The story of the mutiny itself, the escape and subsequent career of Captain and Admiral Bligh, the extraordinary change that came over Adams when, ere ten years had passed, he found himself the sole survivor of the mutineers, all but one of whom died a violent death, and the hardly less marvellous manner in which this primitive community was discovered, after the lapse of nearly thirty years, are themes that need no recapitulation here. Much less known however is their subsequent, hardly less singular, destiny, and it will not, therefore, be out of place if, in the interests of the general reader, we vouchsafe a passing notice of their strange career.

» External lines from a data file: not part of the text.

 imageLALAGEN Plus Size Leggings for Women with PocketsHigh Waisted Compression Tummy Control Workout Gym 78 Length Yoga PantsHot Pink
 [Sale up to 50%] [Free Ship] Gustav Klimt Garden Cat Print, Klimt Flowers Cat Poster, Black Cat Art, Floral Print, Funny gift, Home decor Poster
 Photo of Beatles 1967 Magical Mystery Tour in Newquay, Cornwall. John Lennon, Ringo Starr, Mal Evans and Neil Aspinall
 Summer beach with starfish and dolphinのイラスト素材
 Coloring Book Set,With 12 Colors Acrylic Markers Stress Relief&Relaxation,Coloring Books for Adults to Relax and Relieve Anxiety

In 1814, twenty-five years after the mutiny, Sir Thomas Staines in H.M.S. Briton visited the island, at which time
the little colony consisted of 46 individuals, 38 of whom had been born thus far from all civilization. Nevertheless the little community were living contented and happy in all the simplicity of a patriarchal family, and in the cultivation of the cardinal virtues of Christian morality, inculcated by the now venerable Will. Adams, such as thankfulness to the Creator of all things, patience, gentleness, and neighbourly love.
The very singular origin of this exemplary race repeatedly attracted passing ships to this little-known island, and this intercourse did not fail to exercise a pernicious effect upon the spiritual-mindedness of the islanders, the more so that there were among these numbers of desperate adventurers, who did all in their power to mislead this simple-minded race.

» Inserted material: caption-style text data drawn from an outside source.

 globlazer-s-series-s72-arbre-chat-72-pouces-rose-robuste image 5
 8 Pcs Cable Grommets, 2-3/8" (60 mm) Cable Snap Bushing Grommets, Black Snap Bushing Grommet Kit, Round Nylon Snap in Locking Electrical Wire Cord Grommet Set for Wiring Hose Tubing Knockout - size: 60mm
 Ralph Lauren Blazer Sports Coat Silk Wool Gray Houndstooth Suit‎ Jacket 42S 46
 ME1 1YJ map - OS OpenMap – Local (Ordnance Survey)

When Captain Beechy, in 1825, approached the island in his ship Blossom, he perceived a small boat standing off towards him under full sail. On board were Adams himself and several of his pupils. They requested permission to come on board, and hardly waiting for an answer, the little active lads had clambered up and stood on the quarter-deck. Adams had lost his youthful agility, and for a moment seemed to hesitate. The sight of a man-of-war, it may well be conceived, made a deep impression upon him. It called up too many mournful recollections, and when he beheld the cannon and all the "circumstance of war," with which in his youth he had been familiar, he could no longer restrain himself,
and tears of emotion flowed down his wrinkled cheeks and silvery beard. At this period the island boasted 66 inhabitants, and the old man felt deep anxiety lest the little spot of earth to which he was banished apparently without hope of reprieve, should ere long prove insufficient to provide adequate support or even space for its rapidly-increasing population.[100] He spoke to the excellent Beechy upon the subject, and implored the English Government to provide his little flock with a more comfortable abiding-place under the English sceptre, and better adapted to the wants of his rapidly-increasing posterity.
On 5th March, 1829, Adams expired at the age sixty-five, surrounded by his children and descendants. In the latter days of his illness, during the short intervals of ease which his intermittent agony left him, he expressed a wish that the community would during his life select some one to be their head; however, out of respect for the venerable sufferer, this was not carried out officially, but after the death of Adams, Edward Johnny, son of one of the seamen of the Bounty, assumed the Presidency of the little colony, while renouncing the honorary title.
Under him the Anglo-Tahitian settlers enjoyed visible prosperity, when an unexpected event destroyed for ever the
placid tenure of their existence, and compelled them to leave their beloved island. On his return to Europe, the gallant Beechy, intending to confer a real benefit on the gentle people in whom he felt so lively an interest, had laid before the British Government Adams' dying request, in consequence of which an English man-of-war and a transport made their appearance from Port Jackson, Australia, in March, 1831, to transport the whole of the inhabitants to Tahiti, which European nations regarded as the most suitable spot for them to be settled in. The Pitcairn Islanders were in despair, for, when made aware of the steps taken by "Father Adams" through Captain Beechy to get them placed under the British Crown, the good folks had long before written to England and urgently entreated that they would not remove them from their own hearth; but their entreaties seem not to have reached the proper quarter, or else to have received no attention, and now that the two ships lay off the island, evincing the interest taken by the English Government in their future destiny, they could not venture on refusing to embark. They had to content themselves with the assurance that they should be restored to Pitcairn Island, in the event of their not finding themselves comfortable in their new asylum.